Tout ceci, mon cher étranger, sans même en excepter peut-être « le fragile se colletant avec l’invulnérable », appartient à la langue verte, — encore un terme d’argot que vous ne comprenez pas, bien qu’il s’explique de soi. La langue verte, c’est la langue en décomposition, — mais une décomposition qui s’épanouit en fleurs, comme celle qu’a chantée le poëte Baudelaire. C’est à la fois une corruption et un raffinement : une langue faisandée et bourrée de truffes, — pareille à ces perdreaux qui soulèvent l’estomac des hommes de la nature, mais qui réveillent les palais blasés. Heureux ceux qui ne le comprennent ni ne la parlent ! Tenez-vous-en, mon cher étranger, à la langue de Bossuet : c’est la meilleure. Seulement, retournez chez vous, renoncez aux boulevards et ne lisez plus (on peut vivre sans cela) ni Quatre-vingt-treize, ni M. Commerson, ni même les chroniques de Bernadille.


Esquisses et croquis parisiens — Petite chronique du temps présent, par Bernadille
E. Plon et Cie — 1876



Bernadille est le pseudonyme de Victor Fournel.

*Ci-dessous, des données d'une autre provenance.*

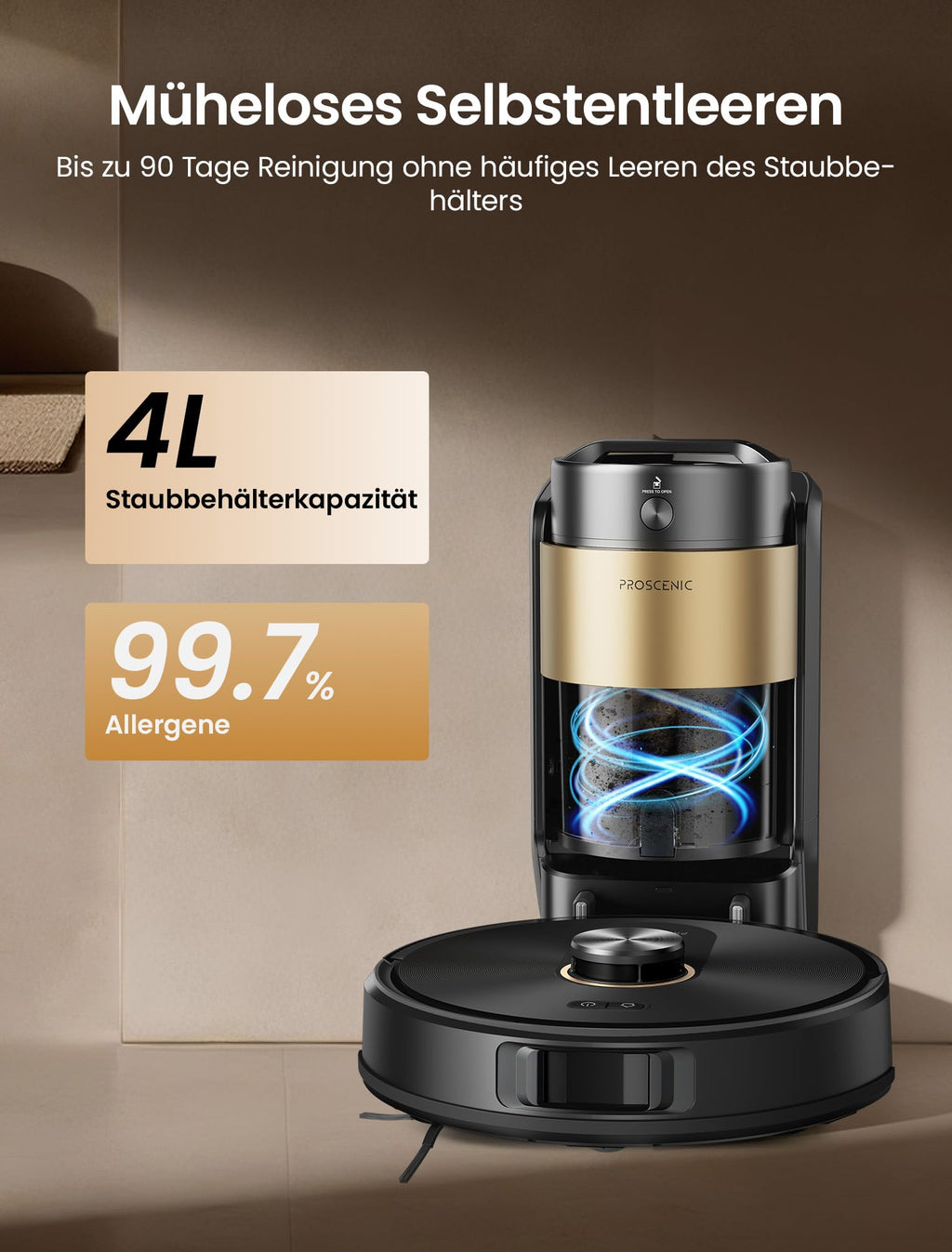 Proscenic Q20Plus Saugroboter mit Wischfunktion 10000Pa Absaugstation beutellos LiDAR Navigation Tierhaare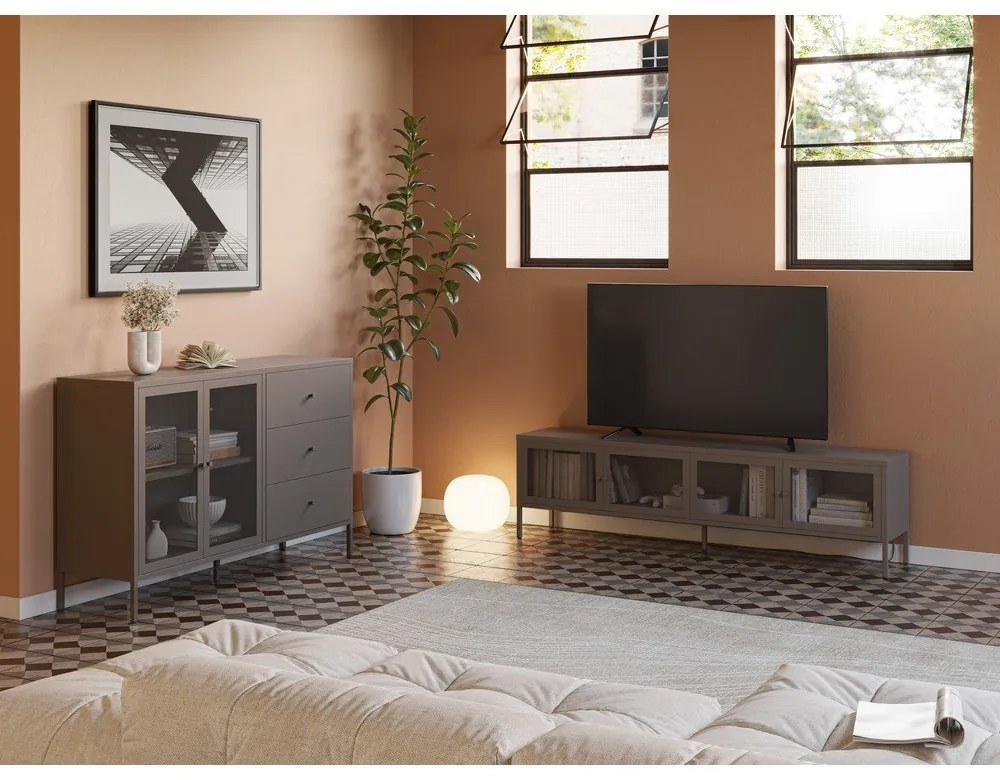 Szürke fém TV-állvány 160x50x35 cm Fayna – Marckeric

Victor FOURNEL (1829 —), publiciste et littérateur, né à Cheppy, près Varennes (Meuse). Écrivain d’une activité extrême, qui lui permet de figurer dans dix journaux à la fois, et de publier volumes sur volumes, toujours avec un même succès, on lui doit les Contemporains de Molière, 1859 ; Du rôle des coups de bâtons dans la vie littéraire, 1858 ; Curiosités théâtrales, 1859, etc. Son premier ouvrage : Ce qu’on voit dans les rues de Paris, 1858, livre plein d’humour et écrit avec une verve bouffonne, est un tableau fidèle du côté excentrique de l’ancienne capitale, et brille autant par le pittoresque du style que par l’exactitude de l’observation.
M. Victor Fournel collabore à la Gazette de France, à l’Universel, à l’Union de l’Ouest, au Contemporain, etc.